Restricted Stock. Prior to the vesting of any restricted shares, the shares are not transferable by the grantee and are forfeitable.
Vesting of the shares may be based on continued employment with the Company and/or upon the achievement of specific performance
goals, as the Committee determines on the grant date. The Committee may at the time that shares of restricted stock are granted impose
additional conditions to the vesting of the shares. Unless the Committee provides otherwise, unvested shares of restricted stock are
automatically and immediately forfeited upon a grantee s termination of employment for any reason.
Restricted Stock Units. A restricted stock unit entitles the grantee to receive a share of Stock, or in the sole discretion of the
Committee, the value of a share of Common Stock, on the date that the restricted stock unit vests. Payment shall be in cash, other
securities or other property, as determined in the sole discretion of the Committee. Unless the Committee provides otherwise, unvested
restricted stock units are forfeited upon a grantee’ s termination of employment for any reason.
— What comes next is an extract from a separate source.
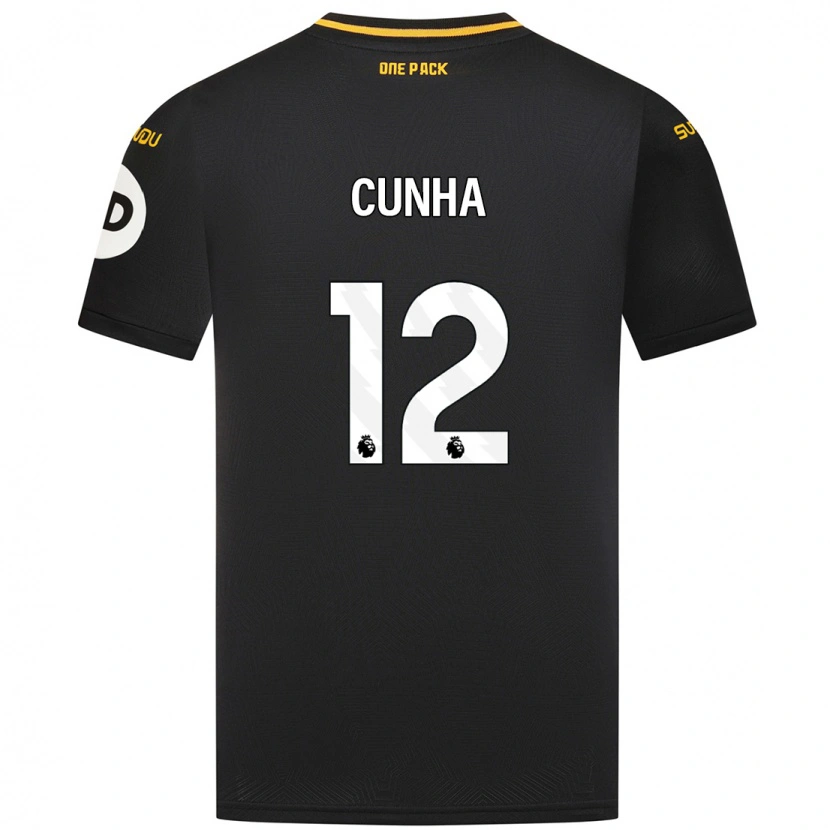 Danxen Bambino Maglia Matheus Cunha #12 Nero Kit Gara Away 2024/25 Maglietta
Performance Awards. Performance awards entitle the grantee to either cash or shares of Common Stock, in the Committee’ s sole
discretion, upon the achievement of specified performance goals.
Performance Goals
The Plan provides that granting or vesting of restricted stock, restricted stock units and performance awards may be conditioned on
the achievement of specified performance goals. These goals must be established by the Committee within 90 days of the beginning of
the year (or other period to which the performance goals relate) or, if shorter, within the first 25% of the performance period. As
discussed below under “Summary of Federal Tax Consequences$1 Million Limit,” performance-based awards can have significant
tax benefits for the Company. The maximum amount with respect to which performance awards may be granted to an individual in a
calendar year is $10,000,000 with respect to performance awards denominated in cash and 1,500,000 shares with respect to
performance awards denominated in shares.
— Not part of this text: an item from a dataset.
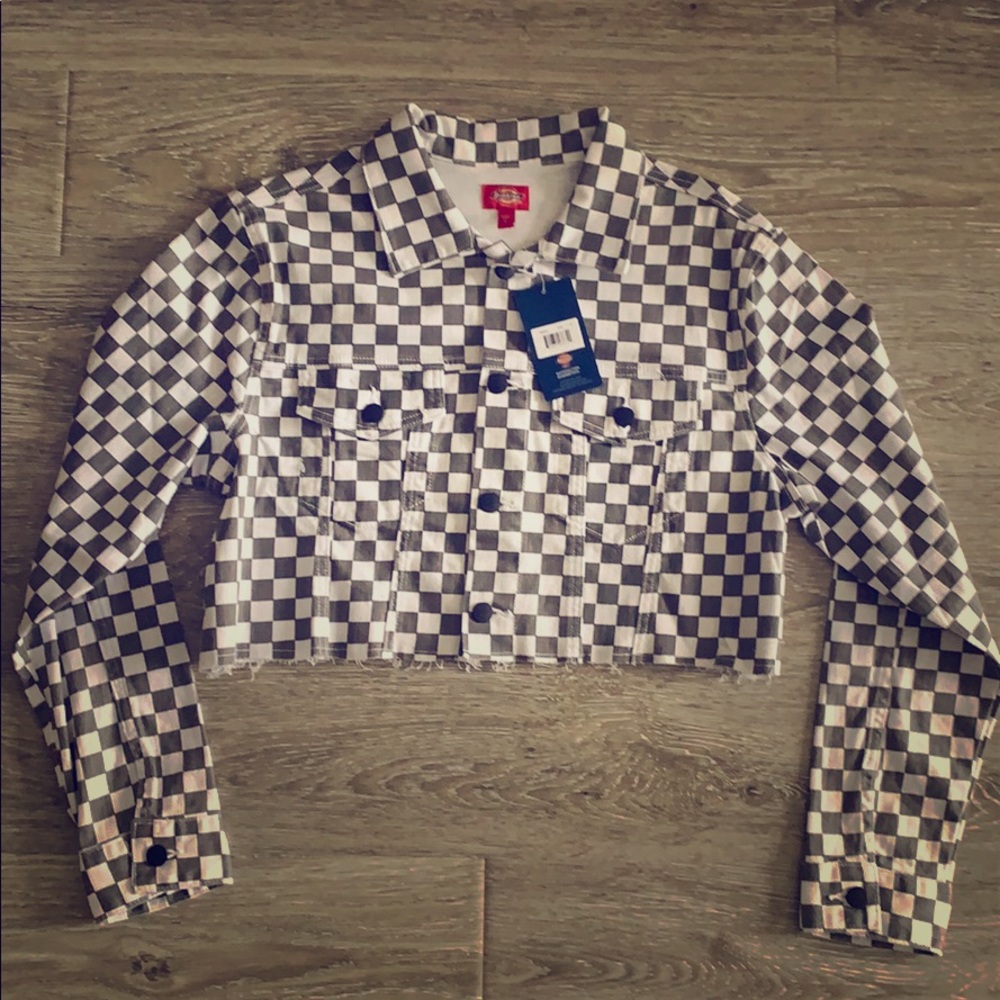 NWT Dickies gray checkered crop jacket XL juniors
The performance goals may be based on one or more of: share price, revenues, earnings (including but not limited to EBITDA),
earnings per share, return on equity, expenses, and objective strategic and governance business goals. Each such performance goal may
(1) be expressed with respect to the Company as a whole or with respect to one or more divisions or business units, (2) be expressed on
a pre-tax or after-tax basis, (3) be expressed on an absolute and/or relative basis, (4) employ comparisons with past performance of the
Company (including one or more divisions) and/or (5) employ comparisons with the current or past performance of other companies,
and in the case of earnings-based measures, may employ comparisons to capital, stockholders’ equity and shares outstanding.
To the extent applicable, the measures used in performance goals set under the Plan shall be determined in a manner consistent
with the methods used in the Company’ s Forms 10-K and 10-Q, except that adjustments will be made for certain items, including
special, unusual or non-recurring items, acquisitions and dispositions and changes in accounting principles.